You can also change a ton of the settings for these different labeling functions. Want to format something as Euros and use periods as the number separators instead of commas, like Europeans? Change the appropriate arguments! You can check the documentation for each of the label_WHATEVER() functions to see what you can adjust (like label_dollar() here)

ggplot(gapminder_2007, aes(x = gdpPercap)) +
  geom_histogram(binwidth = 1000) +
  scale_x_continuous(labels = label_dollar(prefix = "€", big.mark = "."))

All the label_WHATEVER() functions actually create copies of themselves, so if you’re using lots of custom settings, you can create your own label function, like label_euro() here:

# Make a custom labeling function
label_euro <- label_dollar(prefix = "€", big.mark = ".")

# Use it on the x-axis
ggplot(gapminder_2007, aes(x = gdpPercap)) +
  geom_histogram(binwidth = 1000) +
  scale_x_continuous(labels = label_euro)

These labeling functions also work with other aesthetics, like fill and color and size. Use them in scale_AESTHETIC_WHATEVER():

ggplot(
  gapminder_2007, 
  aes(x = gdpPercap, y = lifeExp, size = pop, color = pop)
) +
  geom_point() +
  scale_x_continuous(labels = label_dollar()) +
  scale_size_continuous(labels = label_comma()) +
  scale_color_viridis_c(labels = label_comma())

There are also some really neat and fancy things you can do with scales, like formatting logged values, abbreviating long numbers, and many other things. Check out this post for an example of working with logged values.

ggplot(
  gapminder_2007,
  aes(x = gdpPercap, y = lifeExp, size = pop, color = continent)
) +
  geom_point() +
  scale_x_log10(
    breaks = 500 * 2^seq(1, 9, by = 1),
    labels = label_dollar(scale_cut = append(scales::cut_short_scale(), 1, 1))
  ) +
  scale_size_continuous(labels = label_comma(scale_cut = cut_short_scale()))

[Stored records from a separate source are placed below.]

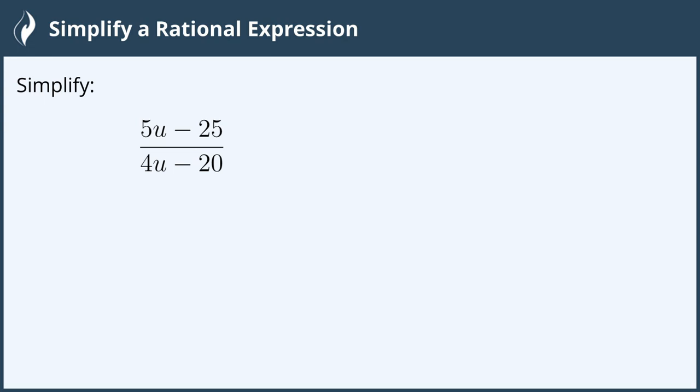The first thing we can do is factor the top and the bottom. In the numerator, we have a common factor between 5u and 25, so we'll factor out the greatest common factor which is 5, which leaves us with u minus 5.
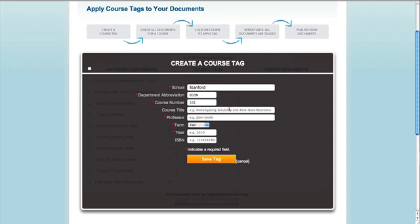The course title is not required, but will help other students find your content. Then enter the name of the professor who taught the class. Next, enter the term and year the class was offered. Many schools have online catalogs that can help refresh your memory about this info if it's been a long time since you took the class. Hit save tag to finish.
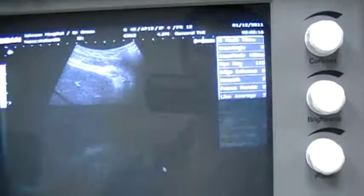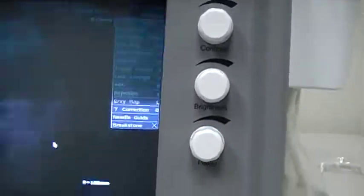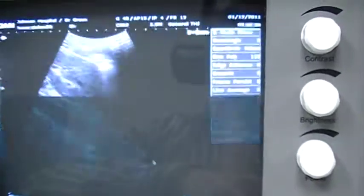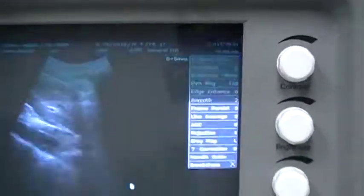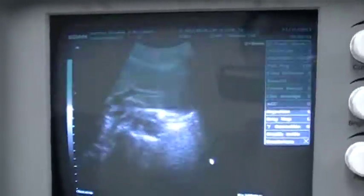Now we start to scan pictures — I am scanning my liver. To get a better image, we can see the current image is not good. We need to adjust the frequency; currently it is 4 megahertz. You can adjust it: if you are scanning a deeper organ in the body, you need to use a lower frequency.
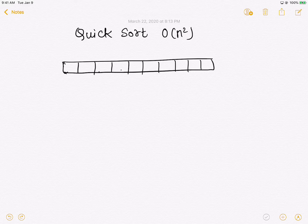In this video I'm going to talk about the time complexity of quicksort. Quicksort in the average case takes O(n log n) time, whereas in the worst case it takes O(n²) time. In this video I'm going to focus on the worst case time complexity of quicksort.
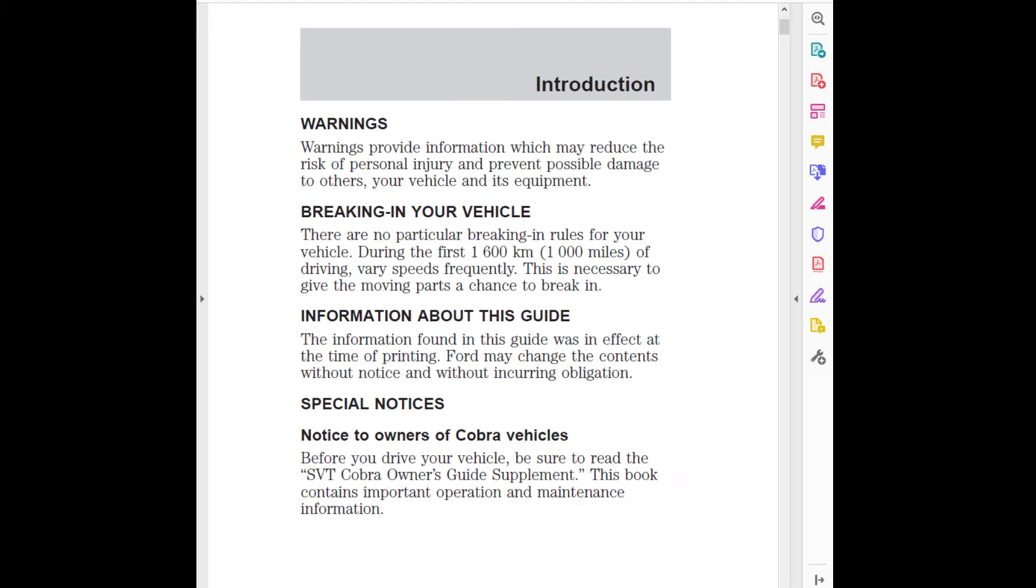Warnings provide information which may reduce the risk of personal injury and prevent possible damage to others, your vehicle and its equipment. Breaking in your vehicle: There are no particular breaking in rules for your vehicle. During the first 1,600 km (1,000 miles) of driving, vary speeds frequently. This is necessary to give the moving parts a chance to break in.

I tried using {gghalves} and geom_half_point() but I got an error?

{ggplot2} 4.0 was released in September 2025 (see here for all its new features) and it introduced some feautres that broke many packages that extend ggplot, including {gghalves}. If you install the version of {gghalves} from CRAN like normal, you’ll get errors like this:

#> Error in geom_half_point() : 
#> ℹ Error occurred in the 1st layer.
#> Caused by error in fun():
#> ! argument "layout" is missing, with no default

This has been reported as a bug here. One of the main ggplot developers made a copy of {gghalves} and fixed the issue, though. The fix hasn’t been incorporated into the main {gghalves} package yet, but you can install his version by (1) restarting your R session, and (2) running this:

remotes::install_github("teunbrand/gghalves@compat_ggplot2_400")

That’ll replace the normal version of {gghalves} with the fixed version for ggplot 4.0. Eventually the {gghalves} developer will merge those changes into the main package, but this works for now!

Does it matter which order we put the different layers in?

So far this semester, most of your plots have involved one or two geom_* layers. At one point in some video (I think), I mentioned that layer order doesn’t matter with ggplot. These two chunks of code create identical plots:

ggplot(...) +
  geom_point(...) +
  theme_minimal(...) +
  scale_fill_viridis_c(...) +
  facet_wrap(...) +
  labs(...)

ggplot(...) +
  geom_point(...) +
  labs(...) +
  theme_minimal(...) +
  facet_wrap(...) +
  scale_fill_viridis_c(...)

All those functions can happen in whatever order you want, with one exception. The order of the geom layers matters. The first geom layer you specify will be plotted first, the second will go on top of it, and so on.

Let’s say you want to have a violin plot with jittered points on top. If you put geom_point() first, the points will be hidden by the violins:

ggplot(penguins, aes(x = species, y = body_mass)) +
  geom_point(position = position_jitter(seed = 1234), size = 0.5) +
  geom_violin(aes(fill = species))

To fix it, make sure geom_violin() comes first:

ggplot(penguins, aes(x = species, y = body_mass)) +
  geom_violin(aes(fill = species)) +
  geom_point(position = position_jitter(seed = 1234), size = 0.5)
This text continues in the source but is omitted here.